【週俳7月の俳句を読む】
既成の美学とは無関係に
きゅういち
俳句での読みがどういう方向へ向かってなされるか、ということがよくわからない。川柳では、とりあえず句の「意味」を読み取ろうとするが、大方の川柳人、とくに伝統系と呼ばれる人々にとって句群は「難解」と映るだろう。
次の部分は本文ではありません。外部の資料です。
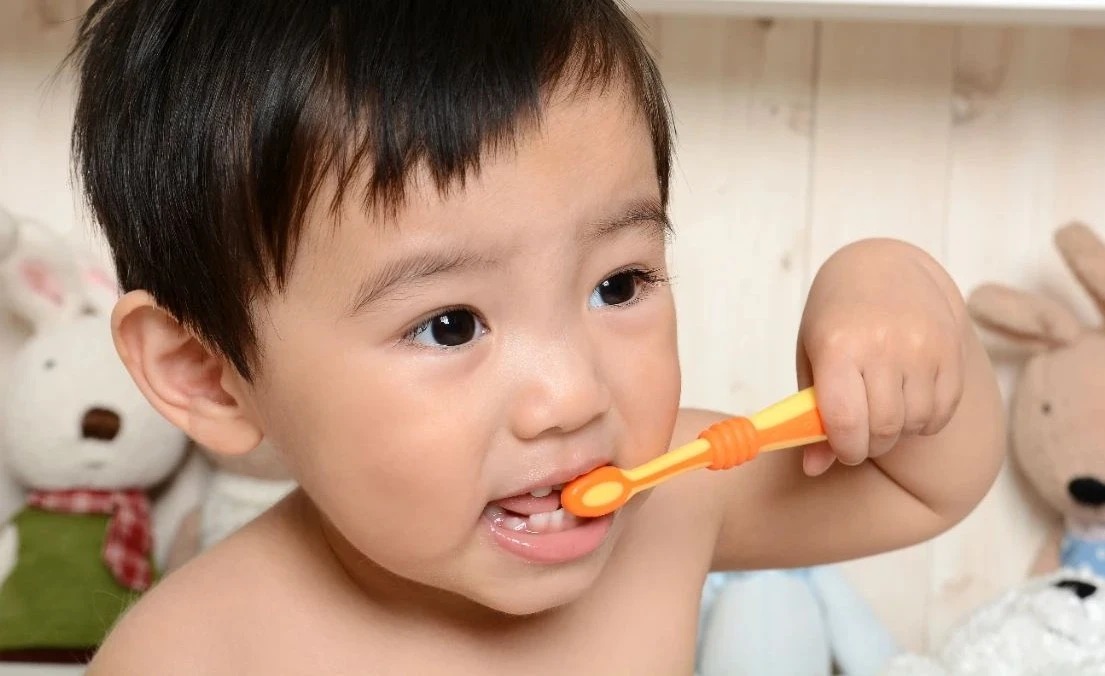 80% of parents make mistakes when brushing their children's teeth.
シュールな句が並ぶ。
百本の薔薇絞め殺す仕事くる ぺぺ女(以下同)
「百本の薔薇」が「絞め殺す仕事」の報酬なのか「薔薇」が仕事を依頼する合図なのか、フランス映画の一場面のようだ。
シャツ派手である夕立のスラム街
こちらはブロードウェイ風、「シャツ」が派手とあり、「夕立」との対比が鮮明な印象を与えている。
ダリアかきわけかきわけ余命延びるんだって
「かきわけかきわけ」の力強さと「ダリア」の取り合わせ、「ダリア」が一面に咲いているイメージを「余命…」に落とす、諧謔が効いている。
睡蓮や姉妹そろって窃視症
「窃視症」盗み見るということか、しかも「姉妹そろって」である。「睡蓮」は夜には花を閉じるという、その神秘的な意味合いとあいまって、軽いエロスが漂う。
金雀枝に溺れる骨の白さかな
毒ガスの検知に使われる「金雀枝」と「骨の白さ」の距離がやや近いような気もするが、「溺れる」のはぐらかしが成功させている。
鍵盤を外せば青葡萄びっしり
一番いいなと思う。捨てられたピアノなのか、屋敷から逃げ出したのかもしれない、解体され、中は「青葡萄」がぎっしりという。なんてシュールだ。フロイトやユングに分析させてみたいような画がみえる。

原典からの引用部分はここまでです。